MEMS Accelerometer code missing data

All,

I’m working on a Beaglebone Black project using a MEMS accelerometer chip, the ADXL312.

The accelerometer has a pin which goes active each time a new data sample is available to be read.
It runs at 3200 Hz. (about 1/3 of a ms per sample)

The pin is connected to a GPIO input and I’ve written code to monitor this pin and grab the data each time.
The sampling normally runs for several seconds continuously.

The problem is, every once in a while Linux gets busy and apparently interrupts my code and I miss samples.
(an overrun bit lets me know this is happening)

I’m looking for ideas on how to improve this so data samples are not missed.

Any ideas?

Kirk

Yes, I have 2-3 suggestions where the first suggestion may not work, but are worth attempting.

  • Upgrade to an RT kernel.
  • Use /dev/mem/ + mmap()
  • Bit bang via a PRU
  • Or write a kernel driver that does all this from kernelspace, but writes data to a file userspace hass access to.

Or use a gpio pin that generates an interrupt, mask interrupts do your
data retrieval re enable interrupts.

you are asking for this kind of an issue when polling.

Interrupt can’t be used traditionally from userspace. interrupts used traditionally are kernelspace only. However . . . there are tricks to getting around, but performance will suffer. Which leaves us back at square 1

Kirk,

What bus are you using (SPI or I2C)? Both are "slow" buses which can sleep on
you. In addition, are you using the FIFO?

Scheduling your reads and using a fast enough SPI setting along with the FIFO
should let you acquire at 3.2KHz w/o drops.

Sounds like to me hes using a 1wire device. Reading from SPI or I2C should not present that sort of problem. Granted at 1/3ms intervals. From userspace even on an RT kernel is going to have occasional latency. This is to be expected.

Thanks for the suggestions.I don’t understand /dev/mem/ + mmap(). How does this work?

Writing a kernal driver sounds like the great idea but is probably very difficult.

On thing I should clarify. The loop that is polling and grabbing the data keeps up with no problem.
It is SPI. The problem is when Linux gets buys with something it just “goes away” for multiple milliseconds or more and data is lost.

If I want to experiment with the PRU, which debian image should I use?

Thanks,

Kirk

I’m no expert, but as far as I can tell there a Linux interrupts handling various things that cannot be disabled. Hence the problem.
Kirk

It is SPI and it keeps up with data collection with no problem.
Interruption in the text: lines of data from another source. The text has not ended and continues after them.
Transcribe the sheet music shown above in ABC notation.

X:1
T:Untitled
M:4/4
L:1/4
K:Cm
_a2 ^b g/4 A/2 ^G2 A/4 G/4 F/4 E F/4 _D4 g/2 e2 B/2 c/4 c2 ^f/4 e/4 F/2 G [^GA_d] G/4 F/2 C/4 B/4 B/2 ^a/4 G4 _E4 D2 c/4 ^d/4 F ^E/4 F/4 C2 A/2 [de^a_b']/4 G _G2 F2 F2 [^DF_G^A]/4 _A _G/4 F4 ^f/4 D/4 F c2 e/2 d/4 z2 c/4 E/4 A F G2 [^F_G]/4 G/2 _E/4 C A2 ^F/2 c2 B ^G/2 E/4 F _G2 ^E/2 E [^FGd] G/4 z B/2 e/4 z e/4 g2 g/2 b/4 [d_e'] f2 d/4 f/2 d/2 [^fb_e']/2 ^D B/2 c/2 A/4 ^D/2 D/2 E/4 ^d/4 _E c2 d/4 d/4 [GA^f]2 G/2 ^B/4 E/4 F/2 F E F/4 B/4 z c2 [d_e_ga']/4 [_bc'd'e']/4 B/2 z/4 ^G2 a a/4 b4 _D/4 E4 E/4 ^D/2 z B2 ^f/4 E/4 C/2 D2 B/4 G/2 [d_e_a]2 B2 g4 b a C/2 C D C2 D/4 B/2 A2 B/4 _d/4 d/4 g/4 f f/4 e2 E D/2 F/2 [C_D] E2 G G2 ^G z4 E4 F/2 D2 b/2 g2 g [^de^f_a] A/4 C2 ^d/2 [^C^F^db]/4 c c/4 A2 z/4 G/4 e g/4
The problem is when Linux gets busy with something else and interrupts the data collection.
Going as fast as I can with SPI helps because sometimes the Linux “interrupts” are short and it has enough time. But when a multiple millisecond interruption happens the data is missed.

Kirk

On thing I should clarify. The loop that is polling and grabbing the data keeps up with no problem.
It is SPI. The problem is when Linux gets buys with something it just “goes away” for multiple milliseconds or more and data is lost

Very unlikely. First of all. The SPI is an actual hardware module. Second of all, SPI in terms of simple peripherals is the fastest simple bus on any system.

The problem you’re likely experience is in how Linux communicates with the SPI module. Or, you’re doing something silly like trying to print the output to screen every read. In code.
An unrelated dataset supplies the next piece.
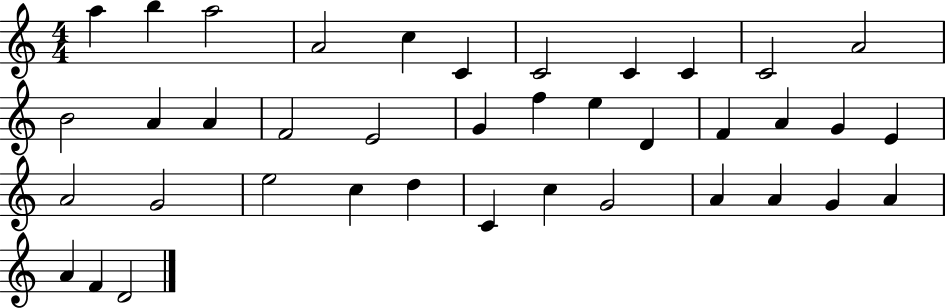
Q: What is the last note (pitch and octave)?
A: D4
Anyway, if you use the PRUs, all those problems will go away.

I have a scope on the SPI signals there is nothing I can see that is a problem. The SPI hardware module is doing its job and clocking all the bits.
It’s recognizing the data ready, doing the SPI transfer, saving the data with time to spare. (99% of the time anyway)

To clarify, it’s not overrunning a bit in the SPI word.
The problem is that the data ready bit comes at a steady 3200Hz and sometimes it just doesn’t get back in time for the next data transfer.

As far as I can tell no fault of the code I’m running.
The code is focused only on the tight loop that monitors the data ready bit and then uses the SPI to transfer the data.
I assume there must be things going on in Linux like WiFi communications and Ethernet communications that interrupt my code.

I’m using a somewhat older image.
What image should I use to get started working with the PRU?

Kirk

I have a scope on the SPI signals there is nothing I can see that is a
problem. The SPI hardware module is doing its job and clocking all the
bits.
It's recognizing the data ready, doing the SPI transfer, saving the data
with time to spare. (99% of the time anyway)

I can tell you that the SPI modules, as I recall are only set to run at
16Mhz ? Something much lower than these modules max out at. I seem to
recall someone saying that these modules can easily run 50Mhz, but I can
not think of the source from which I read that.

To clarify, it's not overrunning a bit in the SPI word.
The problem is that the data ready bit comes at a steady 3200Hz and
sometimes it just doesn't get back in time for the next data transfer.
As far as I can tell no fault of the code I'm running.

Show us the code. You can't have anything we( who are programmers ) have
not seen already. But this way we( I ) can examine the code and tell if you
"we" see anything that can be a potential problem.

The code is focused only on the tight loop that monitors the data ready
bit and then uses the SPI to transfer the data.
I assume there must be things going on in Linux like WiFi communications
and Ethernet communications that interrupt my code.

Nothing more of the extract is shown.